1. Get out there and shop for your supplies! You'll need buttons, threads, yarn, and a variety of *fabrics (and other things you'll likely forget because you forgot your list). You might need to visit 2 to 3 stores to find what you need, but you're out early, so you have time!
*When you find the fabrics you want, don't forget to take a number before standing in line to get it cut, lest you be shamed by the elderly woman who was there before you, waiting to get 10 yards of fabric cut to make a Christmas quilt for her 3 year old grandson. (All ten yards of fabric are different, and there's only one person at the cutting counter that day. It's gonna be a while, so text your significant other to complain while you wait.)
2. Are you home yet? Cool. Time to iron all the wrinkles out of the fabrics you just bought. Hopefully you didn't forget the *interlacing, because you'll need to iron that stuff to all your fabrics if you don't want your dolls lumpy in all the wrong places.
*If you forgot interlacing, repeat step 1. Interlacing, like fabric, needs to be cut at the counter, so take a number and text your boo. (Quit your swearing.)
3. If you already have your templates (head, arms, legs, body, etc, etc), start tracing them onto your fabrics! If you don't already have templates, start designing and *experimenting.
*Experimenting may take a while. Especially if it's a custom order for that weird character in the 3rd scene of that obscure 80s movie that you can't really find photos of because they're only shown for, like, 3 seconds. The experiments won't always go right, but they won't always go wrong either. Good luck - I have faith in you!
4. Cut your newly drawn body parts into easily digestible square and rectangular chunks for your sewing machine.
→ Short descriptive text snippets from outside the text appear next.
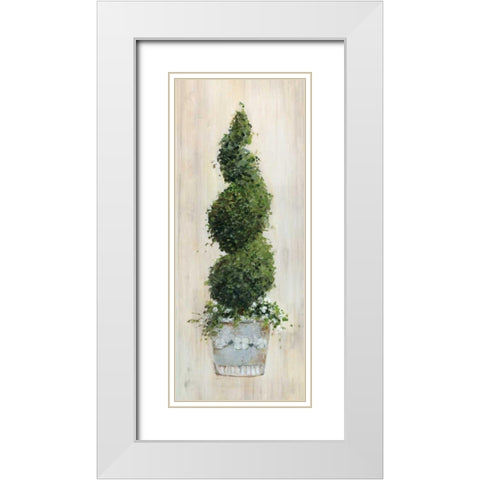 Spiral Topiary White Modern Wood Framed Art Print with Double Matting by Swatland, Sally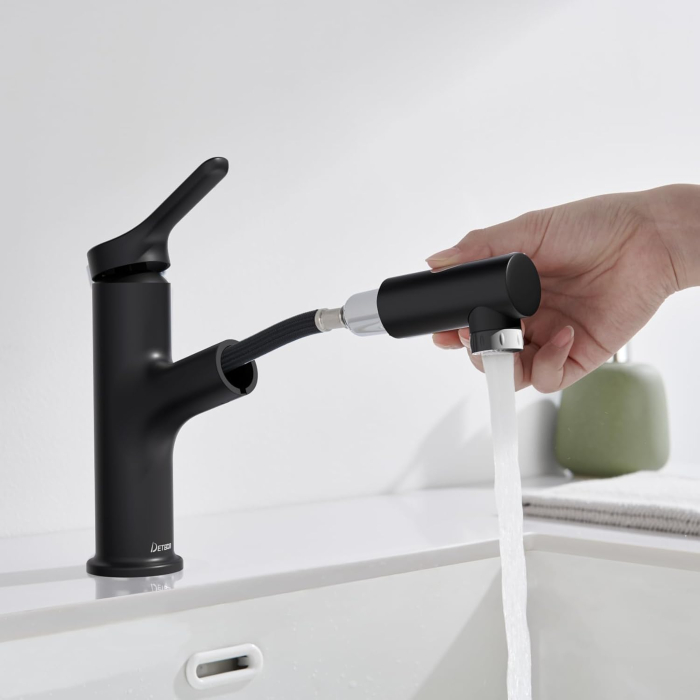 Robinet extensibil pentru lavoar baie, negru, rotund, inaltime 19.6 cm [8]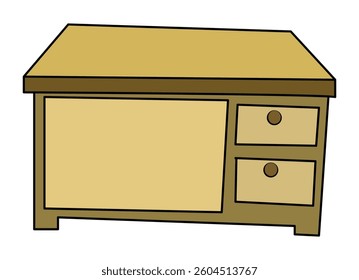 A wooden table isolated on white background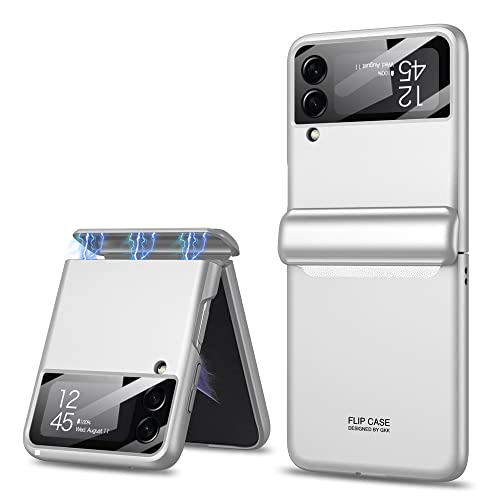 EasyShow Hülle für Galaxy Z Flip 4 Hülle mit Scharnierschutz (Magnetischer), Harter PC Z Flip4 5G Hülle, kommt mit kleinem gehärtetem Bildschirm, Schutzhülle für Samsung Galaxy Z Flip4 2022-Silber von EasyShow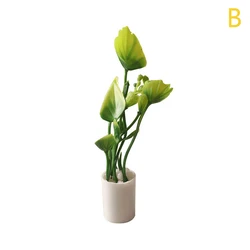 Miniature Dollhouse Green Leaves Potted Plant Bonsai Decor Accessory (B)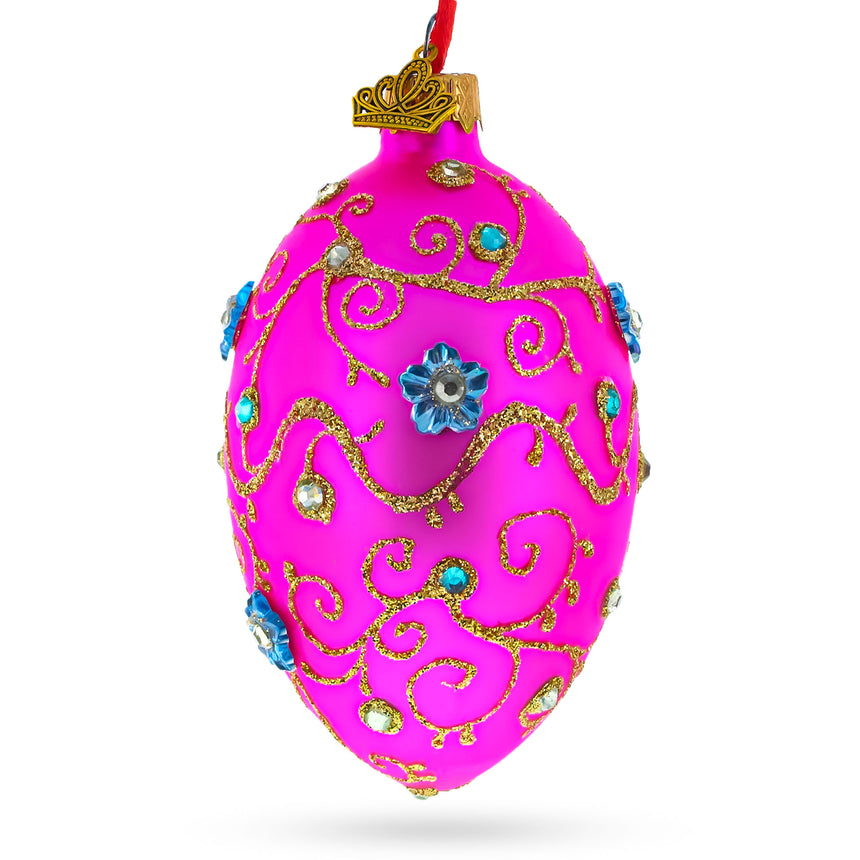 Glass Diamond Swirl Flowers Pink Glass Egg Christmas Ornament 4 Inches in Purple color Oval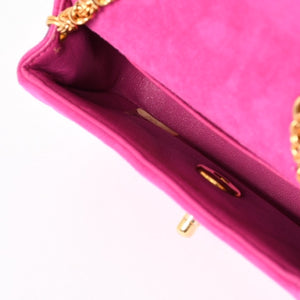 CHANEL Mini One Shoulder Bag No. 2 Coco Mark Stitch Suede Pink Turnlock Gold Hardware Good Condition Used 4a003929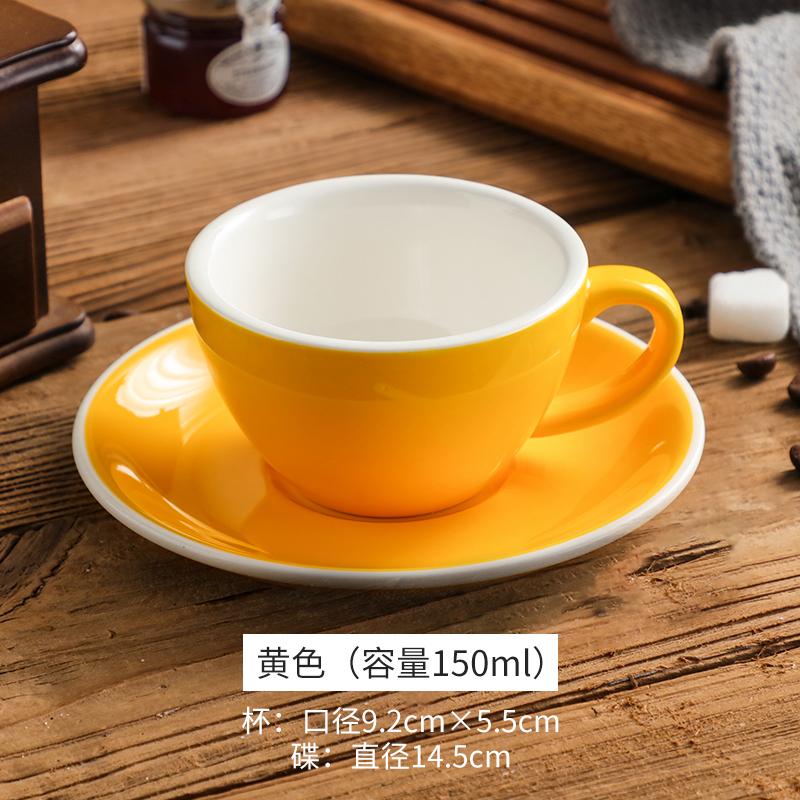 Yaratıcı Renk 150ml Espresso Fincanı ve Tabağı Ev Tatlı Tabağı Çay Fincanı Çift Kupası Hediye Ofis Kupası Masa Üstü Dekorasyonu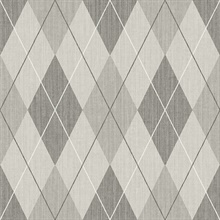 Grey, Taupe & White Textured Argyle Wallpaper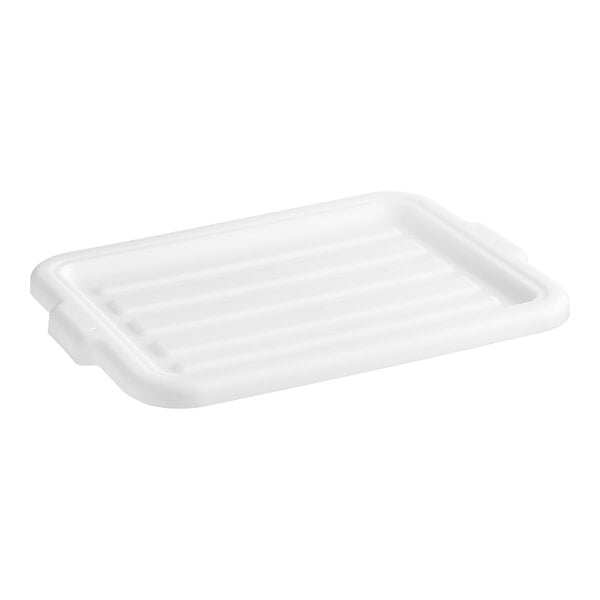 A white heavy-duty polypropylene lid for a Vigor bus tub.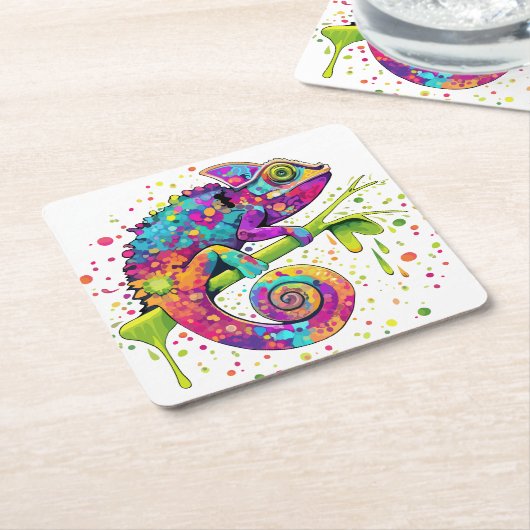 Chameleon Paint Vlekken Waterverf Style Kartonnen Onderzetters (Schuin)
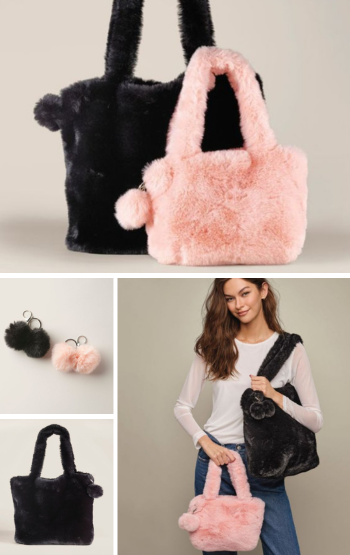 2-Pack Faux Fur Totes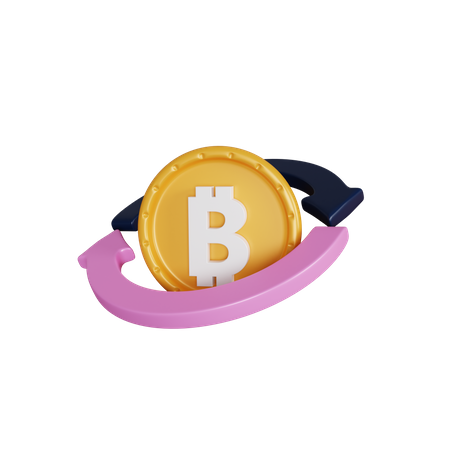 Bitcoin Transaction 3D Illustration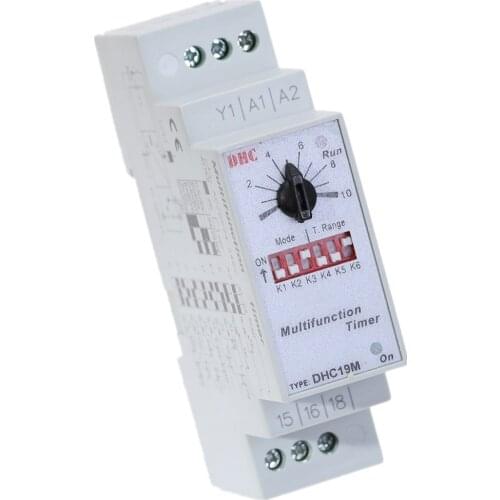 DHC19M Programmable Digital Multifunction Automatic Timer Relay Switch 0.6S-100H AC/DC 24-240V DHC-19M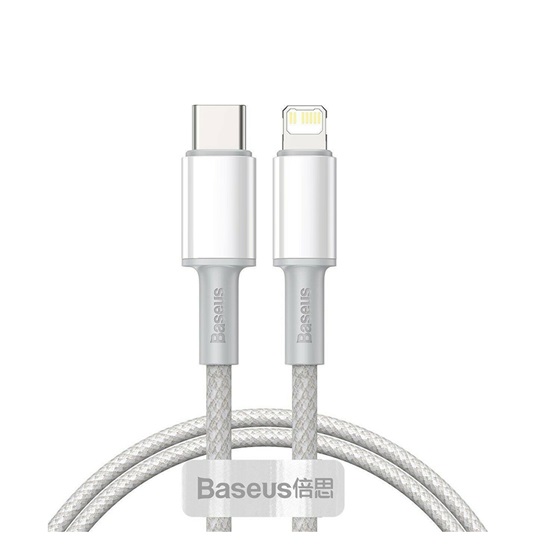 Baseus High Density Braided USB-C to Lightning Cable 20W Λευκό 1m (CATLGD-02) (BASCATLGD02)-BASCATLGD02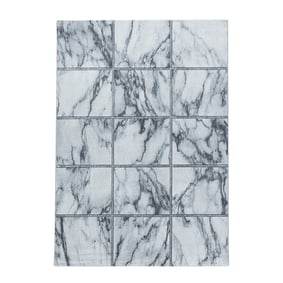 Modern vloerkleed - Marble Box Grijs/Zilver - sfeer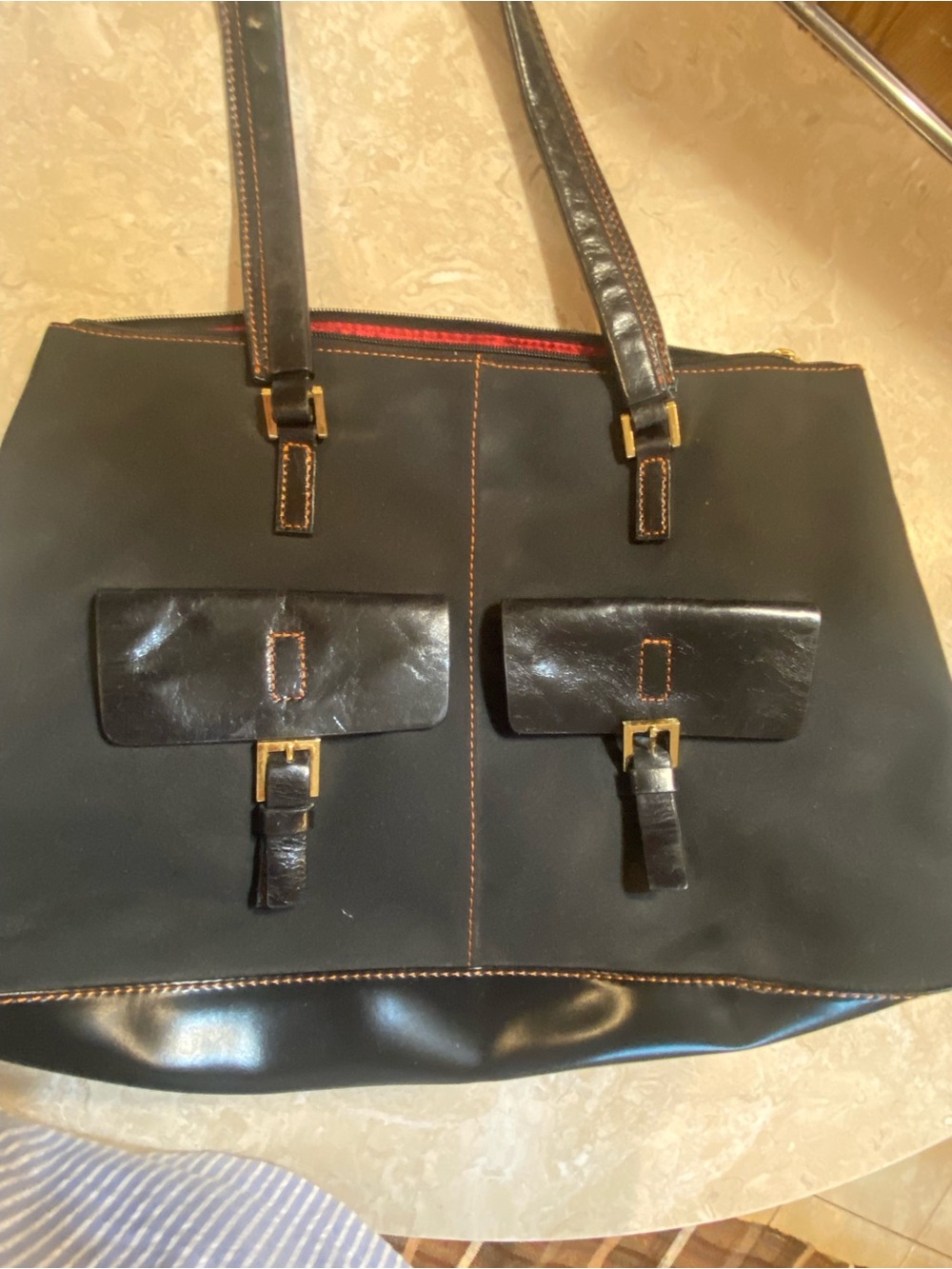 Maxx New York Black Tote with Brown Stitching and Gold Hardware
Yum.
5. Thread your sewing machine with the appropriate color threads, and get to *sewing all the body parts you just traced.
*Try to keep the straight lines straight, and the round lines round. (It's kinda important.)
6. Cut out all the bits and pieces from the squares and rectangles.
7. Use turny-outty tubes to turn the pieces inside out. (Or outside in...?)
8. Stuff everything with *poly-fil, but don't overstuff or you might bust a seam. (That's fun.) And don't understuff, unless you're making a deflated balloon for a sad, sad clown. (Aw.)
*Spend some time carefully shaping/rounding-out the head unless you want it to look like a cauliflower. Some fabrics just want to be cauliflower, but don't give in.
9. Hand-stitch the head to the body, and then sew on the legs. If there's a skirt or pants involved, sew that on BEFORE the arms or you'll hate yourself.
10. Decorate the face. Use whatever works best for you. Buttons, stitching, paints, markers, pencils, clay... All of the above?
11. Time for hair! So many ways to do it. Let's pick one and do it step-by-step:
Take your yarn and wrap it around and around and around a canvas. (As in a canvas for painting. A book works, too.) The bigger the canvas/book, the longer the hair. Cut the yarn off when you have the desired amount.
Measure and cut a strip of fabric or felt the width of your doll's head.
Sew the yarn onto the strip.
Glue the strip to the top of its head. Proceed to glue all the hair down everywhere else without burning your fingers or getting clumps of glue in your dolls hair. Lol.
*Keep in mind that even if you don't make dolls for children, it may be given to a child who will pull or brush the doll's hair and maybe sleep with it and/or drag it across the floor. A photo of your disheveled creation will then be taken and shared on social media looking cringe — but the little kid in the photo holding it has a sweet mischievous grin, so it's all good!
12. Time for its close up! You have to take plenty of *photos if you want to sell your doll — but not just any photos. Cool photos. Dramatic photos. Whatever the mood calls for.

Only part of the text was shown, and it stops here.